Abstract
Background
The convex growth arrest (CGA) procedure has been well accepted for treatment of congenital scoliosis as it is a simpler procedure with successful results. However, unpredictability of curve behavior, slow and usually inadequate correction, and necessity of anterior surgery for completeness of the epiphysiodesis are its shortcomings.
Questions/purposes
In a preliminary study we asked whether a modification of the CGA procedure using convex instrumented hemiepiphysiodesis with concave distraction would correct the coronal plane Cobb angles and would correct or maintain sagittal plane local and global kyphosis angles. We also identified complications.
Patients and Methods
We retrospectively reviewed five female patients who underwent the modified procedure. Their mean age at the index operation was 40 months (range, 17–55 months). The patients underwent concave distractions every 6 months. The magnitude of the convex instrumented and concave distracted curves and sagittal plane parameters were determined on the preoperative and most recent followup radiographs. Minimum followup was 26 months (mean, 34 months; range, 26–40 months).
Results
In the coronal plane, the preoperative magnitude of the convex instrumented congenital curve averaged 48°. It was corrected to 36° (25%) postoperatively and was further improved to 27° (44%) at the latest followup. For the distracted segment, the mean preoperative curve was 35°, corrected to 16° postoperatively and to 8° at the latest followup, for an average correction of 77%. Sagittal plane alignment was minimally affected from the procedure.
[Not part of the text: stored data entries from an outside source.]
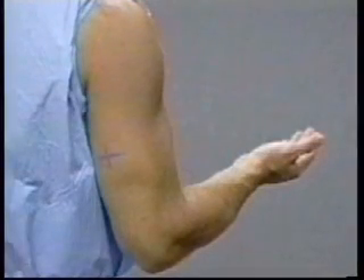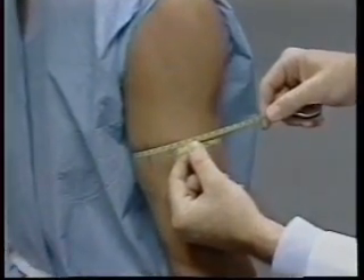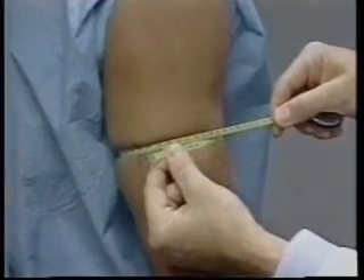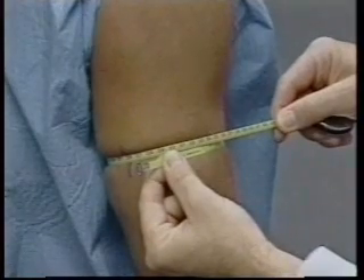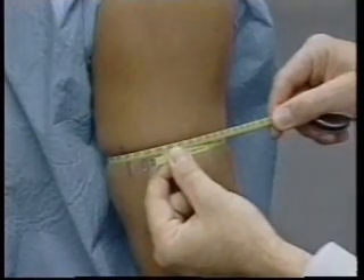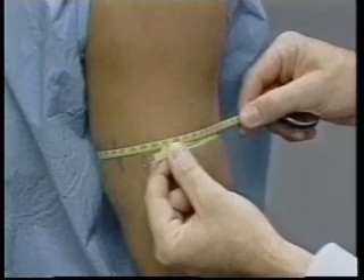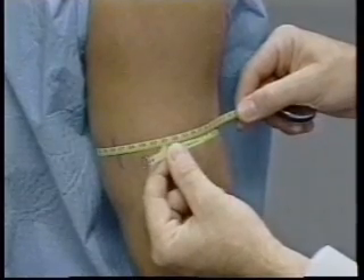This mark was made previously when the upper arm length was recorded. The measuring tape is held gently on the skin surface. The two ends of the overlapping tape are pulled together using care not to compress the skin and the underlying subcutaneous tissue. The arm circumference is recorded from the measuring tape on the lateral aspect of the arm to the nearest millimeter.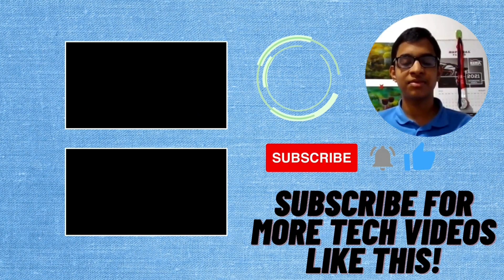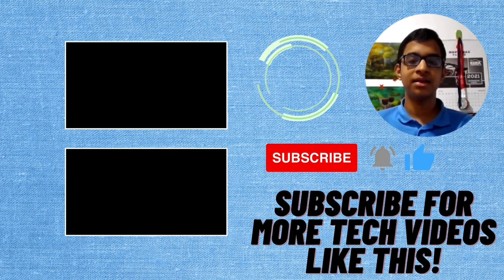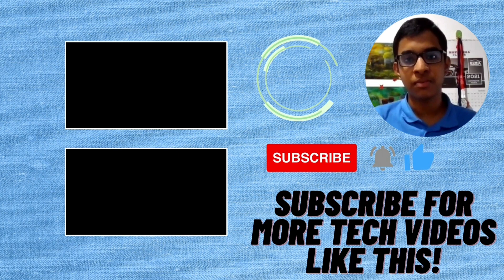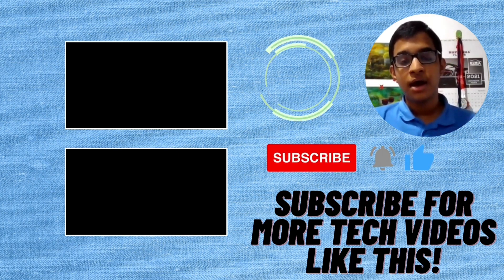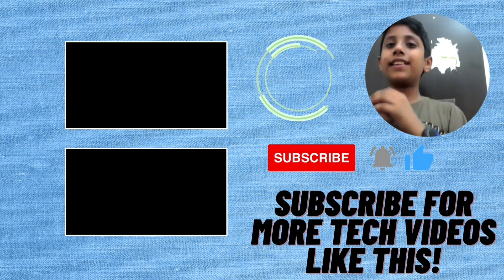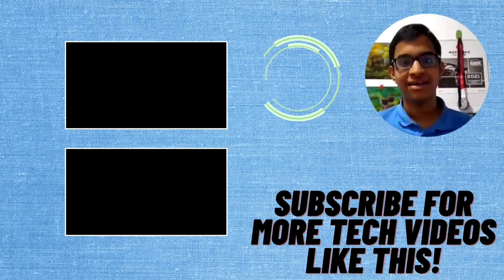If you want more tech videos like this, subscribe and hit the like button, then share with your friends and family members — that'll be great support for us to make more videos. My name is John and we are Tech World, signing off. Bye bye!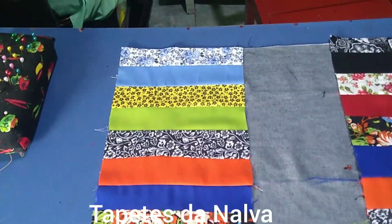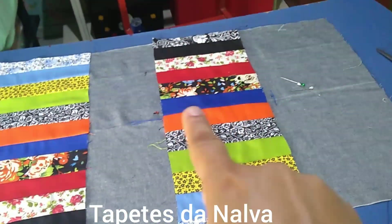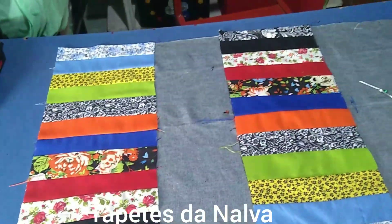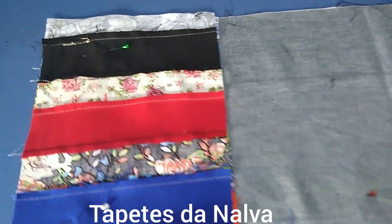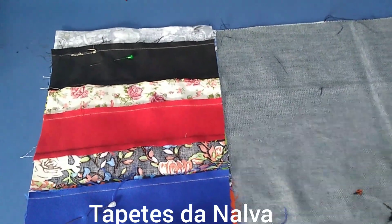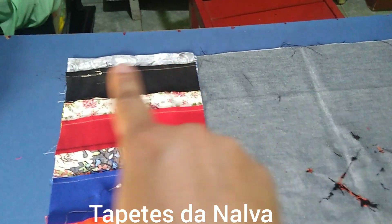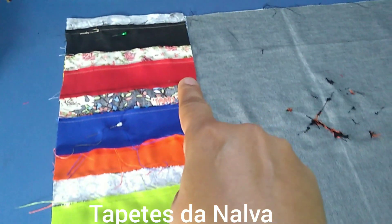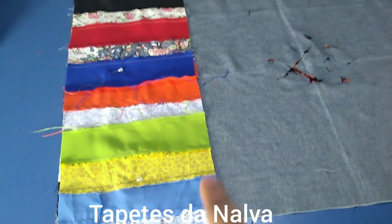Eu peguei a minha primeira faixa, coloquei aqui. Agora, eu vou pegar essa segunda faixa, vou colocar ela direito com direito dessa primeira aqui. Eu já coloquei duas faixas, tá? Ela tá virada direito com direito. Agora eu vou lá na máquina e vou fazer a costura aqui, ó. Eu vou vir fazer a costura aqui. Tá vendo? De fora a fora.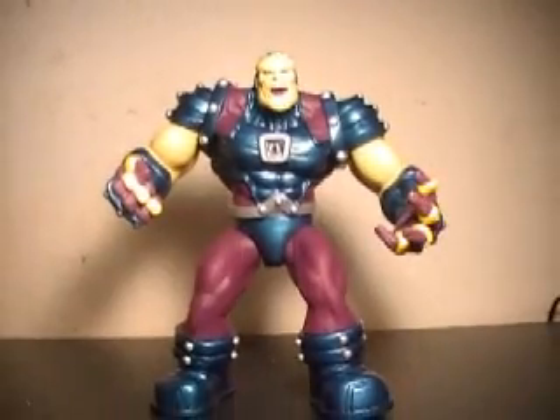All around, great job on the paint and detail. This is JTrain997 saying, I'll see you soon, YouTube.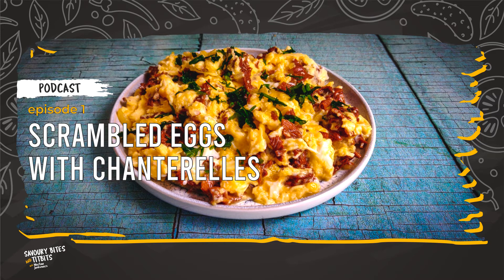Finding chanterelles in the shops can be a challenge. I've not come across them in the UK yet. For this recipe, I managed to find them while traveling in Poland at the airport. A duty-free delicatessen had the dried variety and I was not going to miss this opportunity to buy them. You can buy the dried variety online and if you are really lucky, you might have them local to you in the shops. Let me know if you find any good suppliers.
In four of the five patients we identified partial pullout of screws for the concave distraction; these were revised at the time of planned lengthening.
Conclusions
This procedure may obviate the need for multiple osteotomies and long thoracic fusions in young children with long sweeping thoracic deformities involving multiple anomalous vertebrae. Implant-related complications on the concave side may be avoided using paired pedicle screws at the proximal and distal anchor sites.
Level of Evidence
Level IV, therapeutic study. See the guidelines online for a complete description of level of evidence.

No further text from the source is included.